Find the line containing "P1010622 (1024x768).jpg (382.65". Reproduce it and every line after it up to the end of the records, exactly as written.

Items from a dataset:
Segment Open

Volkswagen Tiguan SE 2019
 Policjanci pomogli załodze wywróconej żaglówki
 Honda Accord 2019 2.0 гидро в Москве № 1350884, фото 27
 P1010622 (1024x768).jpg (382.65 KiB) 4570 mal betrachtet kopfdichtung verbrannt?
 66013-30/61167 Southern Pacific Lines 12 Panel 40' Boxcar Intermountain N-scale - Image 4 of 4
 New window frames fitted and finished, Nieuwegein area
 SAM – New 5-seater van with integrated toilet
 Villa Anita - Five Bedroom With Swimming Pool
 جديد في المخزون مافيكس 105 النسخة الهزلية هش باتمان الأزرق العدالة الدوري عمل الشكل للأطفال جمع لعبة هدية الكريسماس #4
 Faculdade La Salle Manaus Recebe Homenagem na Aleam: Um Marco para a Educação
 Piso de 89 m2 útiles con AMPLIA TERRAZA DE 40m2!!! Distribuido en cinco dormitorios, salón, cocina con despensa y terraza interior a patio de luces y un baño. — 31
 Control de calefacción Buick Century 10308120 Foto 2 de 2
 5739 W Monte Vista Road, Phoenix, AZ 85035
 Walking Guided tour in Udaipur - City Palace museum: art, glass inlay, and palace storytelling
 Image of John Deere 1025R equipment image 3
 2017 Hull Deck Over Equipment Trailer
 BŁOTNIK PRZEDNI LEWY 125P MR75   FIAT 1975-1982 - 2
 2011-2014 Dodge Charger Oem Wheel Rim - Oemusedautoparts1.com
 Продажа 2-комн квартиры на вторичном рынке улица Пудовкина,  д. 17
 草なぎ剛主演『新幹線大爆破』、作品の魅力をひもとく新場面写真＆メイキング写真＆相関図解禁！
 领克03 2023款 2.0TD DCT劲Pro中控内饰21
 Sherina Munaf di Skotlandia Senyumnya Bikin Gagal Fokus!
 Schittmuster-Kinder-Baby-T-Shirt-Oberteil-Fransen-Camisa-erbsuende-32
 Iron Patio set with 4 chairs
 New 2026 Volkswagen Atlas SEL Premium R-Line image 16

Segment Closed

▶ OUTPUT FOR THIS TASK
 P1010622 (1024x768).jpg (382.65 KiB) 4570 mal betrachtet kopfdichtung verbrannt?
 66013-30/61167 Southern Pacific Lines 12 Panel 40' Boxcar Intermountain N-scale - Image 4 of 4
 New window frames fitted and finished, Nieuwegein area
 SAM – New 5-seater van with integrated toilet
 Villa Anita - Five Bedroom With Swimming Pool
 جديد في المخزون مافيكس 105 النسخة الهزلية هش باتمان الأزرق العدالة الدوري عمل الشكل للأطفال جمع لعبة هدية الكريسماس #4
 Faculdade La Salle Manaus Recebe Homenagem na Aleam: Um Marco para a Educação
 Piso de 89 m2 útiles con AMPLIA TERRAZA DE 40m2!!! Distribuido en cinco dormitorios, salón, cocina con despensa y terraza interior a patio de luces y un baño. — 31
 Control de calefacción Buick Century 10308120 Foto 2 de 2
 5739 W Monte Vista Road, Phoenix, AZ 85035
 Walking Guided tour in Udaipur - City Palace museum: art, glass inlay, and palace storytelling
 Image of John Deere 1025R equipment image 3
 2017 Hull Deck Over Equipment Trailer
 BŁOTNIK PRZEDNI LEWY 125P MR75   FIAT 1975-1982 - 2
 2011-2014 Dodge Charger Oem Wheel Rim - Oemusedautoparts1.com
 Продажа 2-комн квартиры на вторичном рынке улица Пудовкина,  д. 17
 草なぎ剛主演『新幹線大爆破』、作品の魅力をひもとく新場面写真＆メイキング写真＆相関図解禁！
 领克03 2023款 2.0TD DCT劲Pro中控内饰21
 Sherina Munaf di Skotlandia Senyumnya Bikin Gagal Fokus!
 Schittmuster-Kinder-Baby-T-Shirt-Oberteil-Fransen-Camisa-erbsuende-32
 Iron Patio set with 4 chairs
 New 2026 Volkswagen Atlas SEL Premium R-Line image 16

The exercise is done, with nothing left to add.